Now 36, Bowyer took the 2012/13 season out to concentrate on studying for his coaching badges, but the Canning Town-born player was back at the Boleyn Ground recently to take part in a charity match. West Ham TV caught up with the former England international.
WATCH LEE BOWYER ON WEST HAM TV
Welcome back Lee! Last time we saw you at the Boleyn Ground, you scored a last-minute winner for Ipswich Town in the Championship in September 2011. What have you been up to since then?
LB - "I have just had a nice rest really, spending time with my family and trying other sports that I'm interested in. I have had a nice year out. I still feel I can do a job for someone and, while I still feel like that, I won't retire. If nothing comes this year, then that will tell me that nothing is going to happen. I did have a couple of clubs interested in me last year, but it just didn't feel right to go and do that, so I'll see what options I have this year and go from there."
You had two spells with West Ham. You were relegated at the end of an injury-affected six-month stay in 2003, but enjoyed more success during your second time here between 2006 and 2009. How do you remember your spells with the Hammers?
LB - "I have fond memories of my time with West Ham. Obviously, the first time around I came to the club injured and they knew I was injured, but I couldn't really help. That was the only reason why I came [to help]. I could have gone somewhere else, but I followed my heart and I tried but I just couldn't do it with my dodgy ankle that I had. The second time round was all right. I was here for three years and I enjoyed it. I scored a few goals and it was something I always wanted to do as a kid. It's my club and I can say I have played and scored for the club that I love."
During your second spell, you played in a talented midfield containing the likes of Mark Noble, Matty Etherington, Yossi Benayoun and Nobby Solano. That must have been enjoyable to be part of?
LB - "It was good, yes.
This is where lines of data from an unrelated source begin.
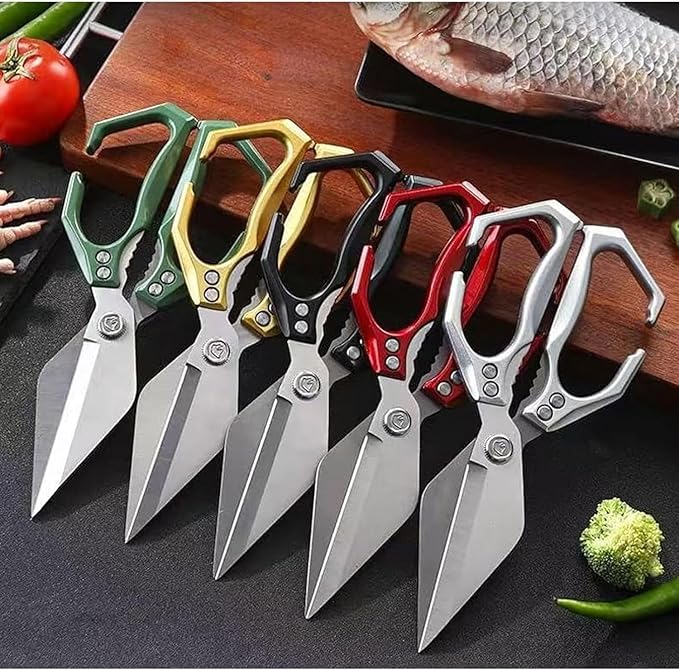 Seattleget Multifunctional Heavy-Duty Kitchen Shears, 2025 New 2 in 1 Ergonomic Kitchen Scissors, Poultry Scissors Heavy Duty Cut Bone, for Chicken, Meat, Seafood, Bone Cutting (Black)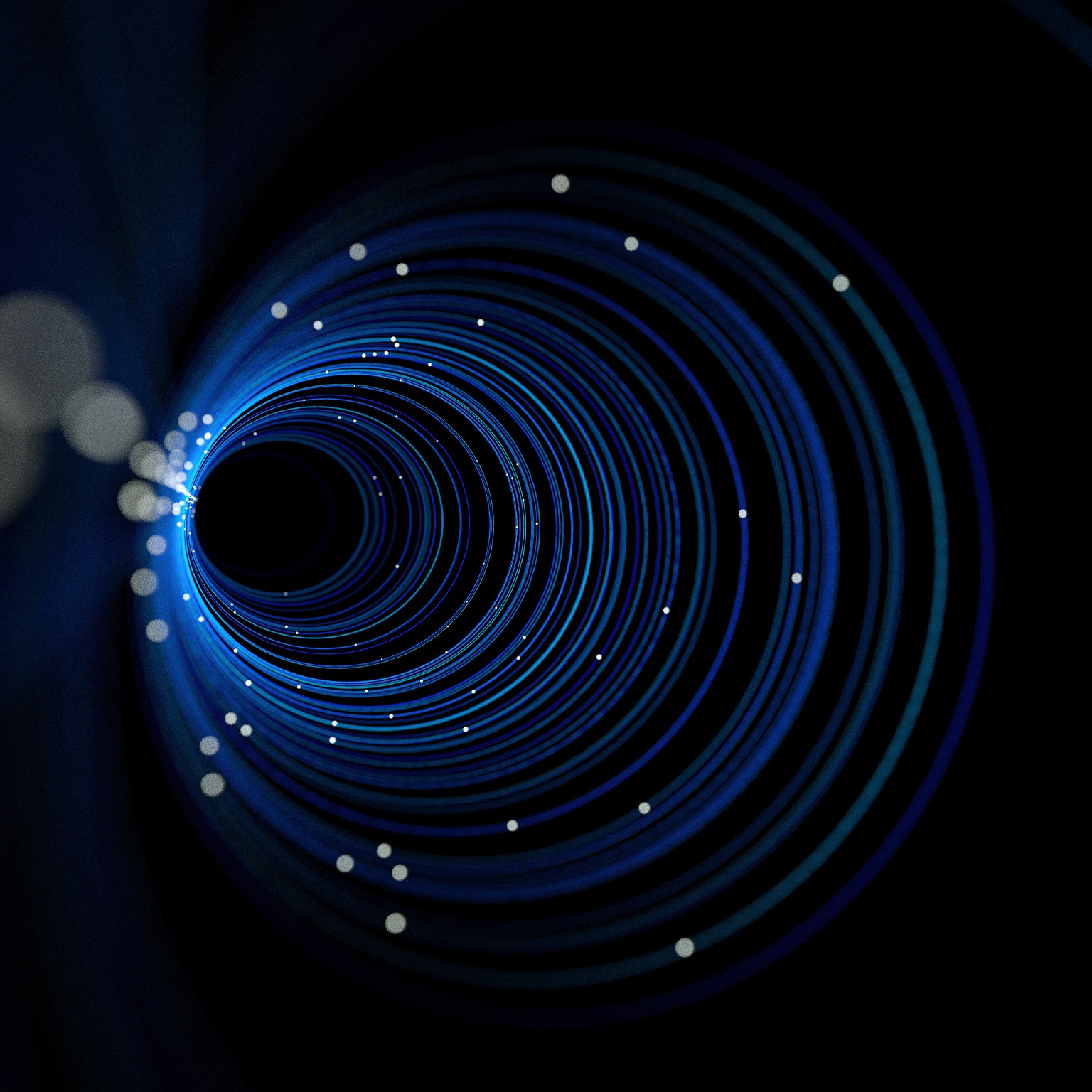 Computer neural network concept. Concentric circles, with lights twinkling in the background, stretching to infinity.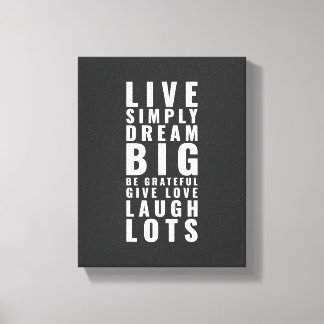 Live simply dream big | Inspirational Quote キャンバスプリント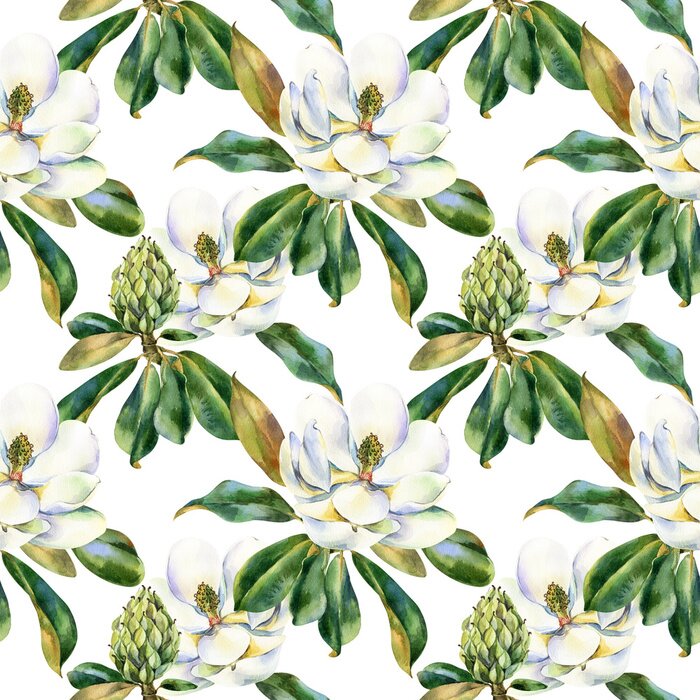 Poster Watercolor seamless pattern with white magnolia, green leaves, botanical painting isolated on a white background, floral painting, stock illustration. Fabric wallpaper print texture.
By the end, there were quite a few players who had come from Newcastle like I did, so there were some good players to go alongside those who were already here. We had Carlos Tevez and Javier Mascherano, so we had some good players and some good times."
You hit the heights of the top of the Premier League and UEFA Champions League semi-finals with Leeds United and had success with Newcastle United. Although we didn't hit the same heights at West Ham, presumably the 2006/07 'Great Escape' was a fantastic time to be at a club?
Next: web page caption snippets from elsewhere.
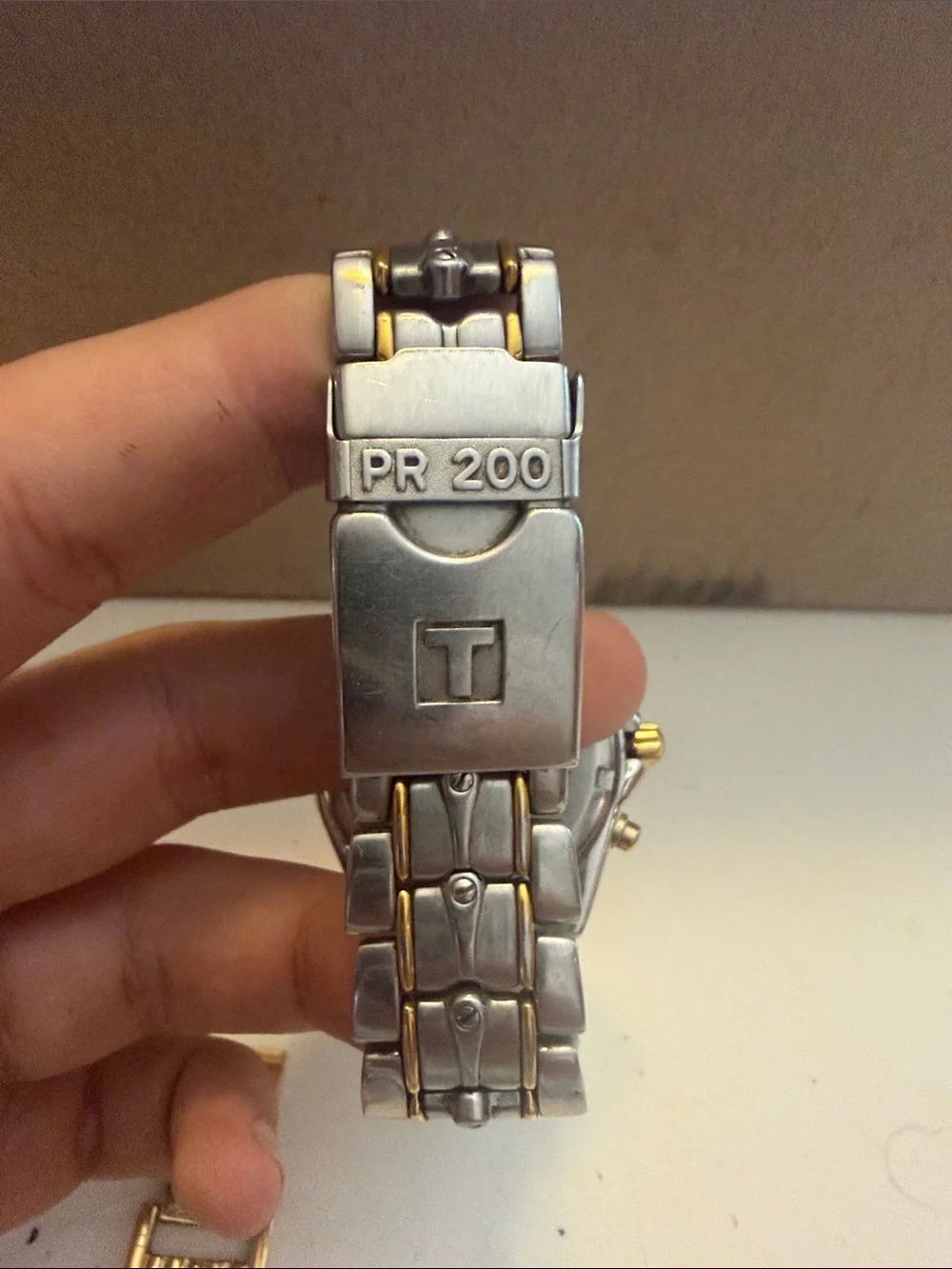 Tissot Two-Tone Silver and Gold Chronograph Watch with Cream Dial PR200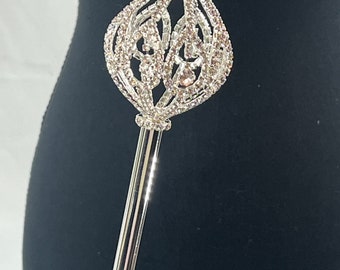 Crystal Silver Metal Scepter. Sparkle Rhinestone Gems Wands costume wand. Sparkle Wand Birthday Prom Party Wedding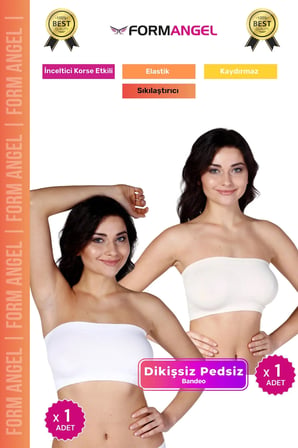 #Bandeo Seamless Toparlayıcı Kadın Basic Örme Dikişsiz Pedsiz Bandeo Büstiyer 2'li Set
LB - "Yes it was, because everybody had written us off. Obviously, Tevez turned it on towards the end of the season and thankfully we stayed up that year. It was like winning something to have been written off like we were and then end up staying up."
The alarm bells didn't ring as loudly for West Ham in 2012/13, when the team comfortably steered clear of the relegation battle. What did you make of the present-day Hammers?
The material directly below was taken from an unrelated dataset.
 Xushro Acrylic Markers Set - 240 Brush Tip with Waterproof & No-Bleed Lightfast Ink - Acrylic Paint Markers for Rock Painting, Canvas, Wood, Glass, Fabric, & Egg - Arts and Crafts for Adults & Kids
LB - "I thought we did well. Like I said in a Programme interview I did towards the end of the season, as long as Sam [Allardyce] is here then we won't get relegated. He knows this league inside out and, whatever side he has had, [he has thrived], even at Bolton. This squad is a lot stronger than the one he had in his Bolton days. Hopefully Andy Carroll might be coming, so if that comes off it will be a great bit of business. I think the Club is stable now and the owners have come in and done a good job there too."
Looking forward, the Club will move to the Olympic Stadium in Stratford in 2016. As a lifelong supporter, what are your thoughts on the matter?
LB - "I can understand what some fans are saying because the tradition is at the Boleyn Ground and it is an intimidating place to come and play as an away player. It's never nice! With being at the Olympic Stadium, it will be a completely different atmosphere but hopefully it will work for us. I think the crowd will get behind the team and we'll go from there. It's going to change, but maybe it is time to move. Clubs do move grounds. Manchester City have gone into a bigger ground and they're filling it. Financially, it's good for the Club in that way. The more fans you there, the more noise they make and the more intimidating it is for the other team. It also spurs you on as a home player. At Leeds, the European nights we had were magical and the crowd made a difference. Hopefully, it'll work the same here."